So I’ve been thinking, off and on, about why it is that we see a lot of novels about King Arthur and not a lot of novels about Robin Hood. You get Robin Hood movies, sure, but books, not so many, only a handful. I was rewatching Disney’s animated version not that long ago, and a particular image got my attention.
Robin Hood and Little John were doing their laundry.
While Disney’s Robin Hood is really great on gender stuff–Robin Hood clearly can’t cook because he’s a lovesick fool, not because he’s a guy and Little John, who can, fixes the ruined stew for him; they do laundry; when Lady Cluck says “this is no place for a lady!”, she clearly means “for a gently reared person,” because she charges immediately into the fray herself, to the tune of On Wisconsin*–this is not the only Robin Hood that features laundry in Sherwood Forest. In fact Sherwood Forest is strikingly domestic, for a mythic setting.
I think this is perhaps the problem with getting it into novels.
Jo Walton, when talking about writing Lifelode, has discussed the problems of domestic fantasy, how conflict and war tend to creep into books that are otherwise trying to focus on the daily and the smaller-focus, just structurally–that we have an addiction to the grand and the dramatic, as a genre, even when we are trying not to. And I think that the Robin Hood myth actually runs into this problem. Sure, there is swashbuckling. There is the dramatic. But it is the dramatic image. It is the arrow going into the target; it is the Merry Man swinging into a tree. It is not the dramatic tension, because we all know the precursors for the ending are historical, not personal.

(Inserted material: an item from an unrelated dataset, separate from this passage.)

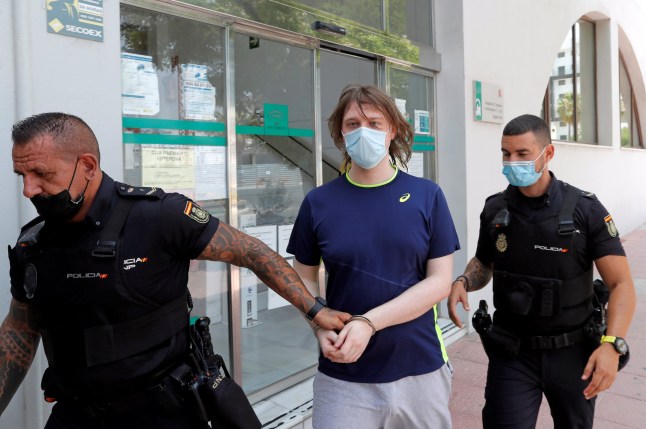 22-year-old British citizen Joseph James O'Connor is lead by Spanish police officers as he leaves a court after being arrested in connection with an alleged July 2020 Twitter hack which compromised the accounts of high-profile politicians and celebrities, according to the U.S. Justice Department, in Estepona, Spain, July 22, 2021. REUTERS/Jon Nazca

Because of Robin Hood’s near-unique place in western legend, straddling myth and history so neatly, the story’s ending can’t be refitted without upending actual history. The end of the Robin Hood story is that actual, historical Good King Richard returns from the Crusades and ends the usurped reign of his brother, actual, historical Prince John. So…what, exactly, are Our Band of Merry Men doing? They can’t actually resolve their own problems in any lasting way. And fighting the Sheriff of Nottingham starts to look an awfully lot like doing the laundry if you’re never allowed to either beat him (slay/depose him) or have him beat you on any permanent basis. Oh, it’s Monday: time to wash out our green jerkins and hassle the Sheriff’s men. Oh, it’s Tuesday: time to go to market for turnips and shoot some arrows into Prince John’s tax collectors’ hats. But not into the tax collectors themselves! Because resolution is not in our purview. We resist. Others resolve.
The jerkins will get dirty again, the turnips will go again into the stew, the taxes will get collected again. The camera can fool the eye with pageantry into feeling that there has been progress from arrow shot to arrow shot. But on the page of a novel, it’s very hard to make a holding action against entropy feel like heroism. Even though it’s the main heroism any of us achieve on a daily basis. Even though it is a heroism worth having.
Try again, someone; I would have another domestic fantasy, or a Robin Hood novel that grapples with this, or both. But for the moment at least, I am not the one to write it.
*Multiple associations with north of one place or another. Willingness to throw shoulders in a brawl and clown for children. Bosom capacious enough for storage. Can we say “Marissa’s identification character?” CLUCKY I LOVE YOU.